Nous parlons ici du baron de sa première manière, quand il n'avait pas plus de trente ans. Naples alors n'était tout entière qu'une fête garibaldienne, blanche rouge et verte.Les femmes embrassaient les beaux soldats dans la rue et élevaient les enfants sur leurs bras afin que Garibaldi les baptisât au saint nom de l' Italie."
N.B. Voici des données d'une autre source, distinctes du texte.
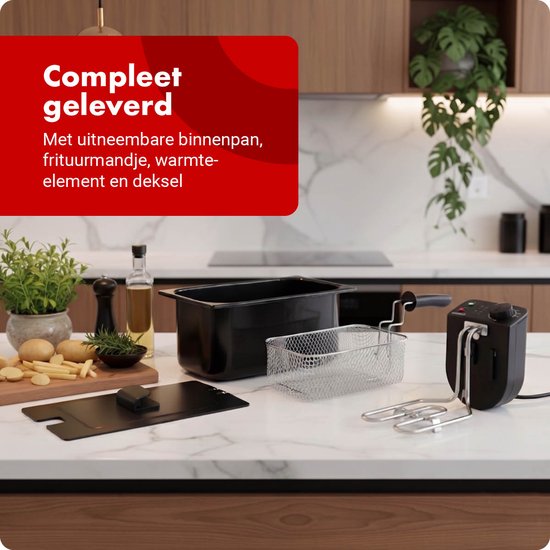 Zwarte Tomado friteuse met uitneembare binnenpan, frituurmandje, warmte-element en deksel op een aanrecht.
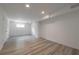 Finished basement with hardwood floors, neutral walls, and a window at 4408 Brandon Ne Ct, Marietta, GA 30066
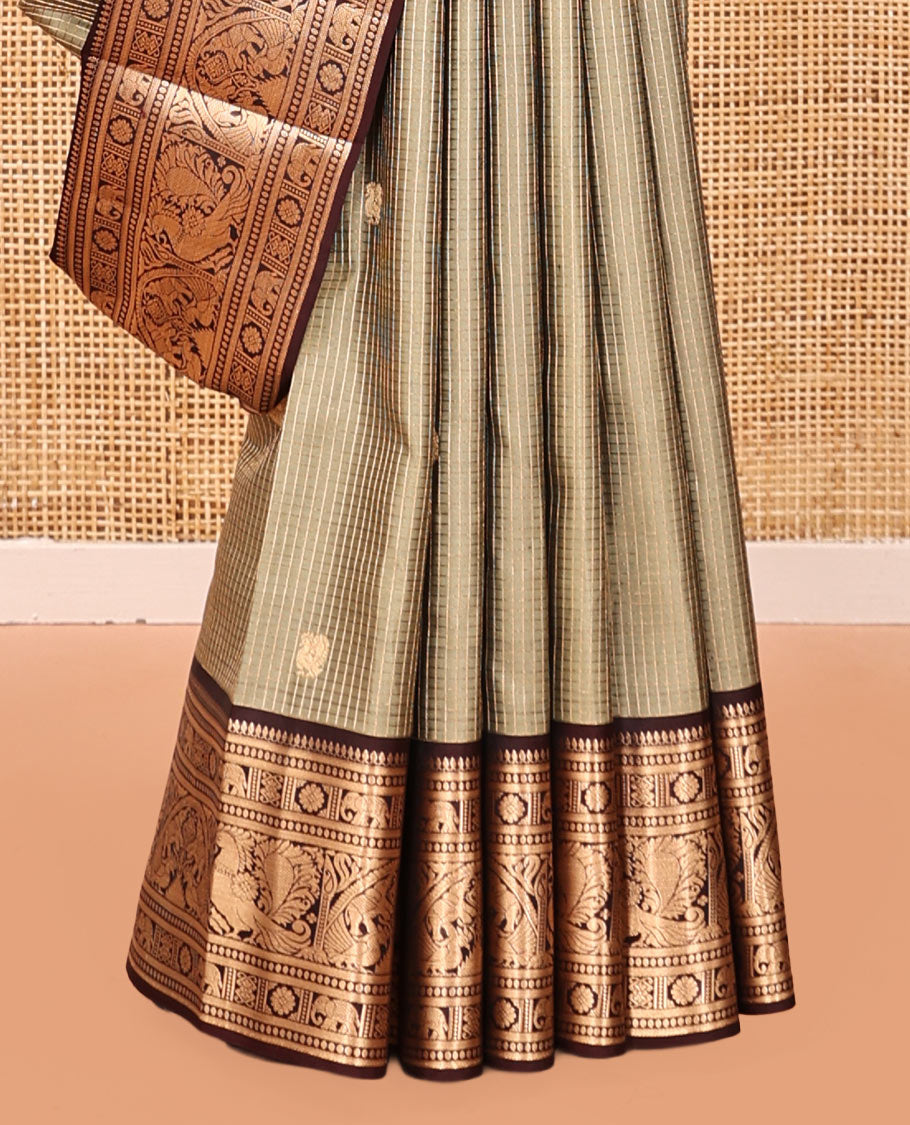 Beige Vasundhara Silk Saree, Meticulously Crafted with Zari Buttas and Checks, a Contrast Border of Thilakam Mokku, Paisa, Kamalam, Yaanai, and Mayil, Jaal Pallu, and a Contrast Blouse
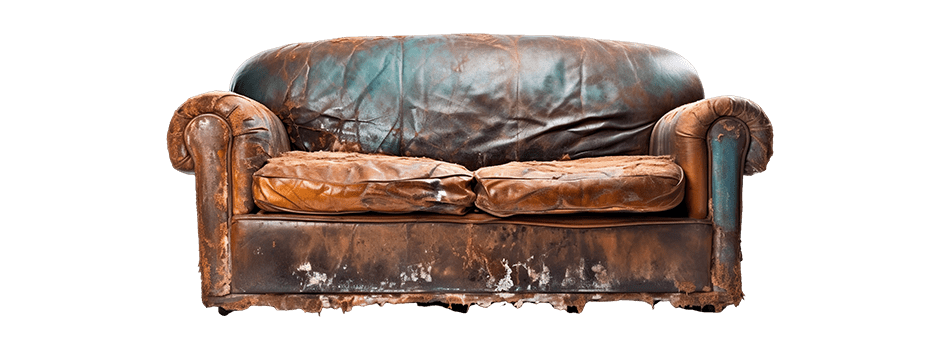 An tattered old couch waiting for disposal. 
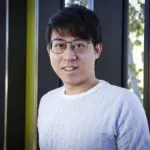 A smiling man wearing round glasses and a light blue sweater, photographed in front of a dark frame window.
Un petit bémol : après un suspens savamment entretenu tout au long du roman ,sur un fil narratif pourtant très, très tenu, une chute brusque et trop vite expédiée, m'apportant personnellement quelque frustration, alors que l'ensemble avait fini par me
" capter" complètement!..
Cela reste une découverte fort intéressante, que je vais d'ailleurs partager avec un couple d'amis , auquel je vais prêter cet ouvrage; publication qui possède, en plus une couverture fort réussie, aussi éloquente et malicieuse que son contenu !!